Voice: Mother expresses concern about lack of teachers' contract

March 31, 2001

I am the mother of a child who attends one of El Centro's elementary schools. I am very concerned that the conflict between Superintendent Klentschy and the teachers is causing harm to our children.

Regarding the continuing dispute between the El Centro Elementary School District and the teachers' association, I wonder if it has occurred to anyone else that maybe the reason teachers have gone almost two years without a contract is because the school district doesn't want them to have one?

I have reviewed what the district has offered and what teachers are asking for, and I can tell you that if I were a teacher who worked in the elementary district (which I am not), where student performance and test scores are up, I would be as mad as they are (and then some). If I were new to the district, I'd probably be looking for a teaching job somewhere else right about now. In fact, I might even be considering the Calexico Unified School District, where a settlement was reached for significantly more money than El Centro's district has offered its teachers — and without the demeaning changes in contract language designed to force them to work even more unpaid overtime.


For several years, teachers' salaries did not keep pace with inflation. The ECESD, through its superintendent and its San Diego-based attorney, has offered teachers a 4 percent raise for the 1999-2000 school year, and another 5 percent increase in the current school year. The problem is that the 4 percent would apply to half of last year, and the 5 percent, which is effective on ratification, will apply to virtually none of this year. Not surprisingly, teachers believe this is patently unfair and punitive. I think most reasonable people would agree. Clearly, this isn't about the school district trying to revise it contract with teachers; it is about forcing them into a strike.

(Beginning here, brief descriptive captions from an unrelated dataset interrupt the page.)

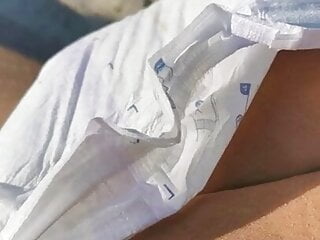 Diaper on public beach and masturbation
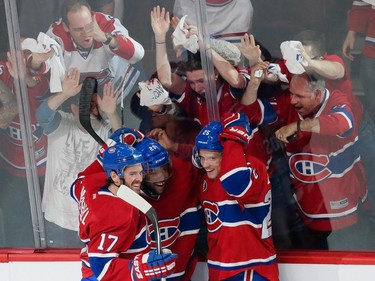 MONTREAL, QUE.: MAY 9, 2015 -- Montreal Canadiens right wing Devante Smith-Pelly, centre, is congratulated by teammates Torrey Mitchell, left, and Jacob De La Rose, right, after scoring a goal against Tampa Bay Lightning goalie Ben Bishop, not pictured, during the first period of game five of their NHL Eastern Conference semifinal series at the Bell Centre in Montreal on Saturday, May 9, 2015. (Dario Ayala / Montreal Gazette)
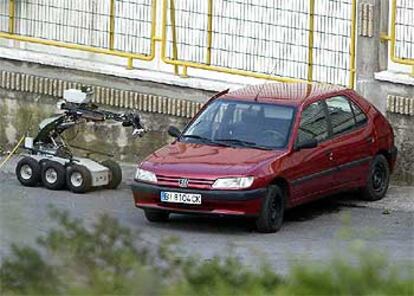 El coche cargado con la bomba trampa, junto al robot de los artificieros, que no pudo ser utilizado.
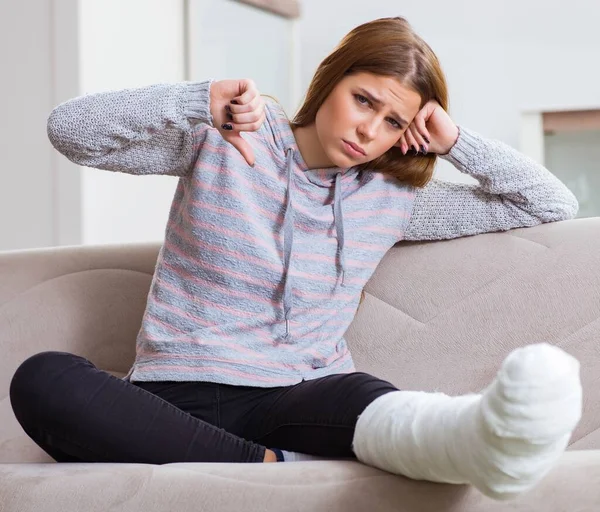 Jeune femme avec jambe cassée à la maison — Photo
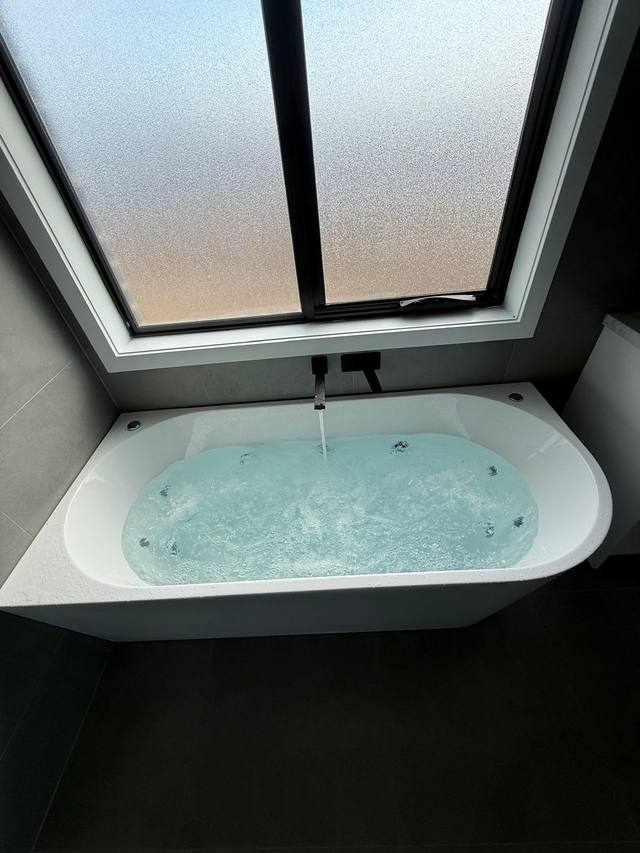 A spa bath filling with hot water in a finished Melbourne bathroom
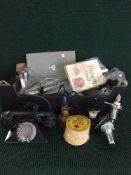Two boxes of beer mats, bar optics, bakelite telephone,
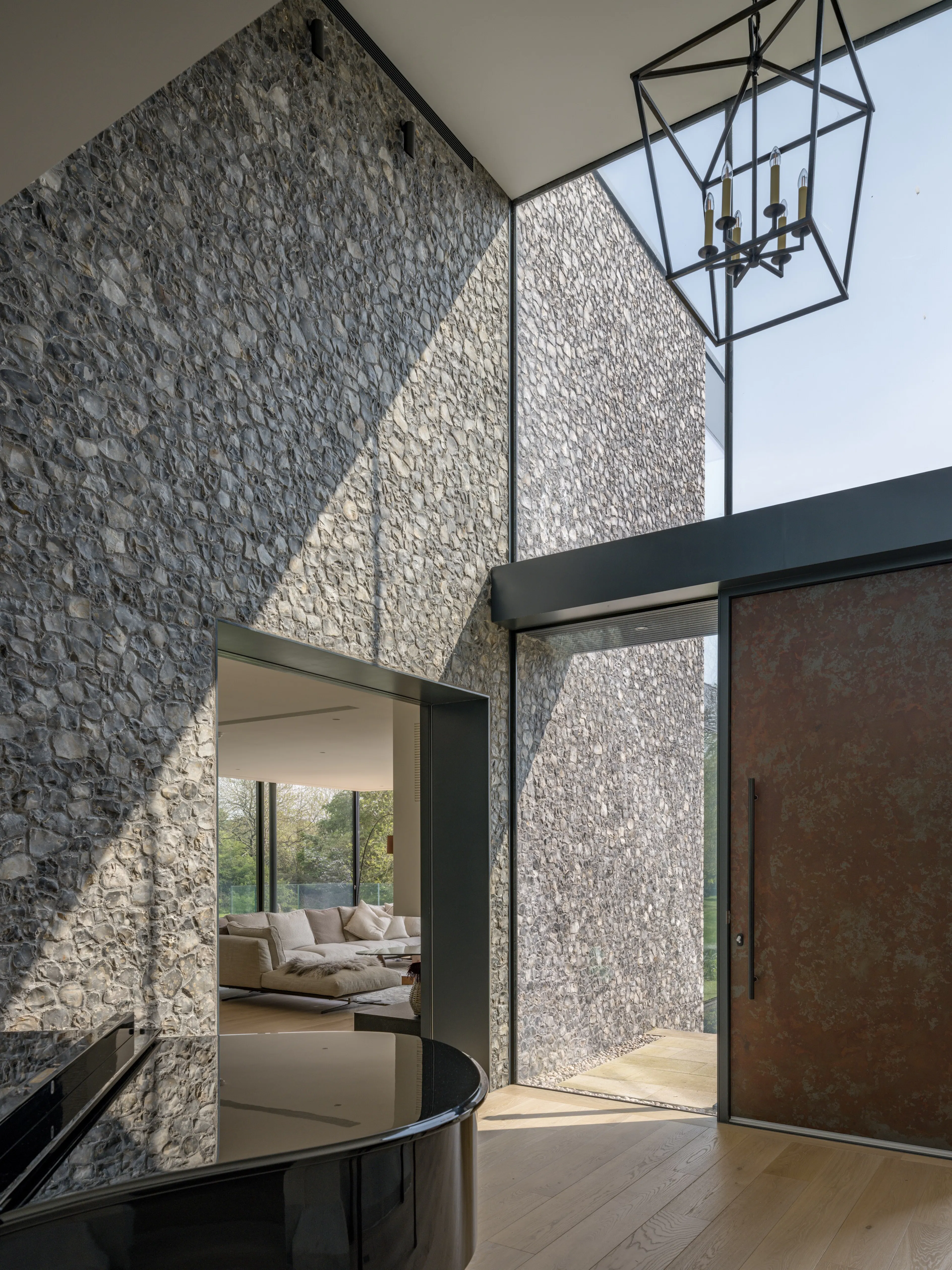 Hall with a lantern pendant and bronze front door, looking through to the sitting room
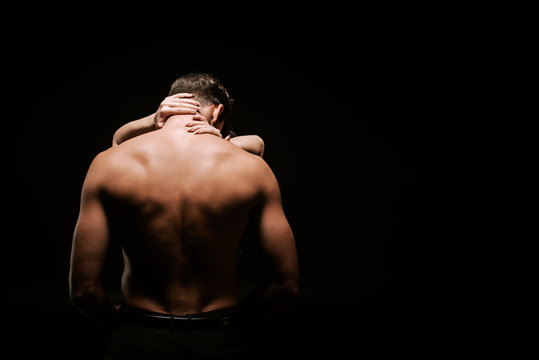 back view of sexy man hugging with woman isolated on black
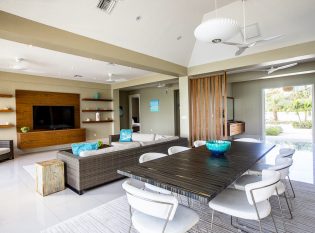 Open concept indoor space with beach style.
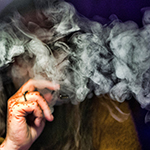 "obscured shot of a women smoking using a vape pen"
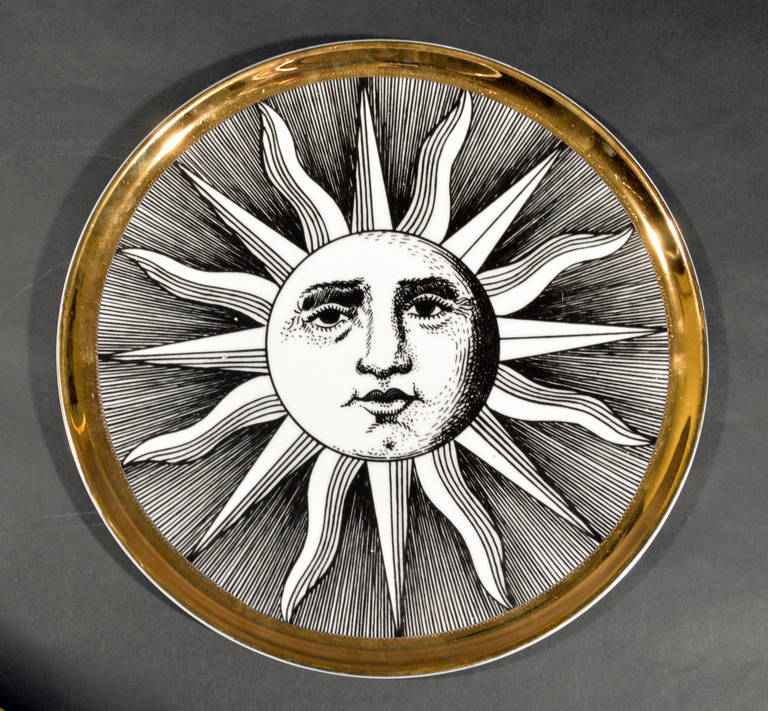 The large dish is decorated with an iconic image of the sun with a gilt border.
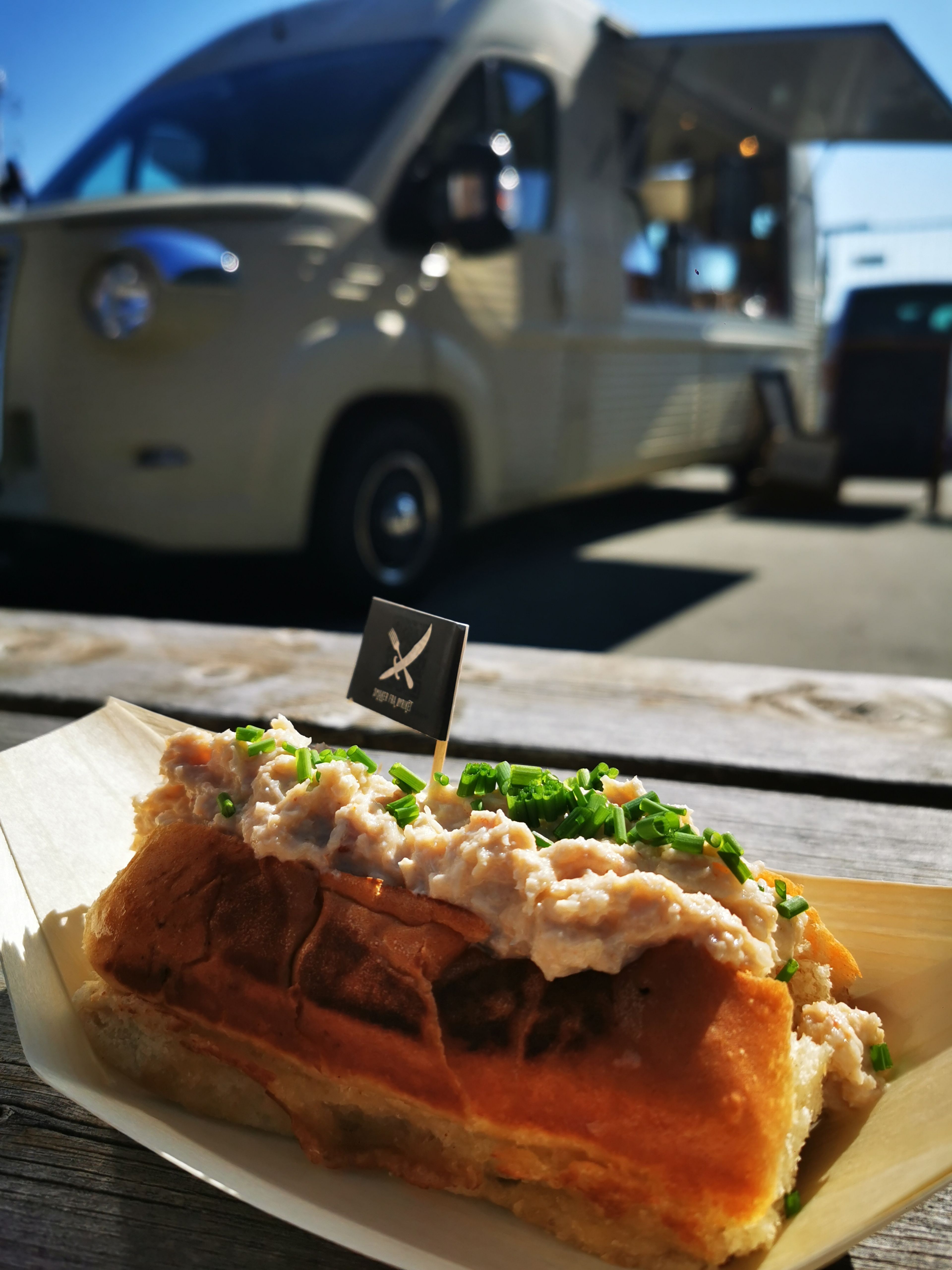Sandwhich in front of a food truck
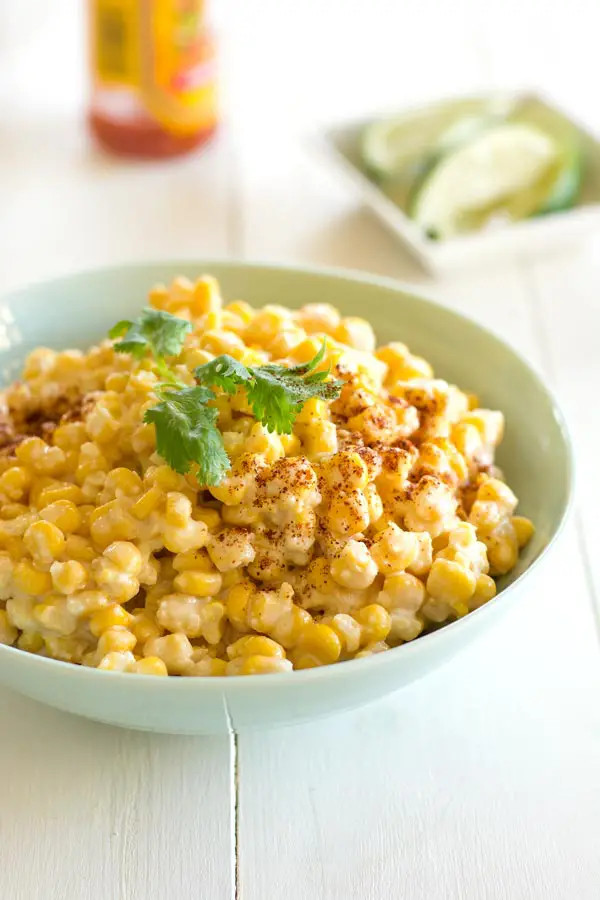 Elote, grilled Mexican street corn, being prepared.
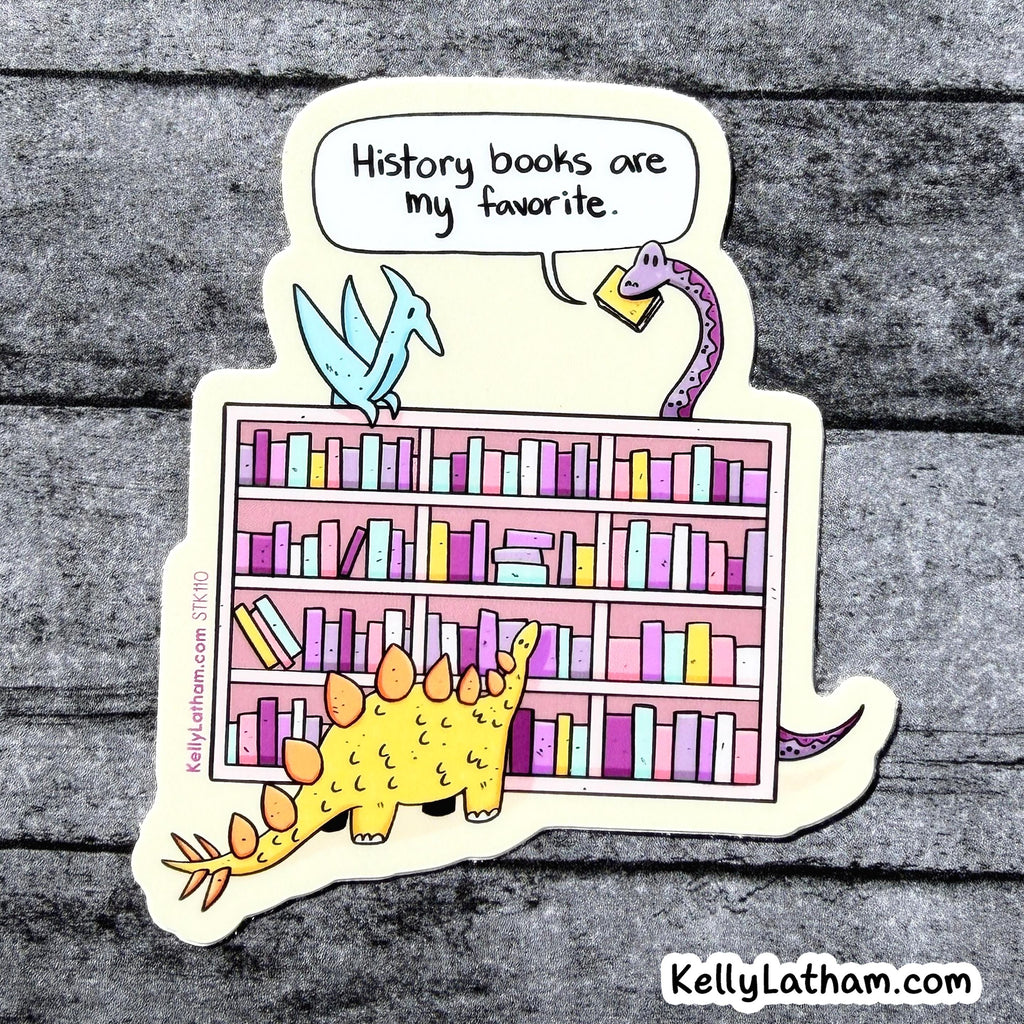 A die-cut sticker featuring a bookshelf with colorful books and three cartoon dinosaurs, with a speech bubble reading 'History books are my favorite.' The sticker is photographed on a gray wood-textured background.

What's been lost amid all the acrimony and distrust is that our children will continue to be harmed the longer this goes on. And it has gone on far too long. But if teachers finally do strike, and they are surely (if clumsily) headed in that direction, it will be because the superintendent and school board want them to and have forced them into it.

In light of the settlement in Calexico, I hope the people elected to lead our district will finally do so. The question I put to our school board is threefold:

Who is in charge over there, haven't you seen enough and what are you waiting for?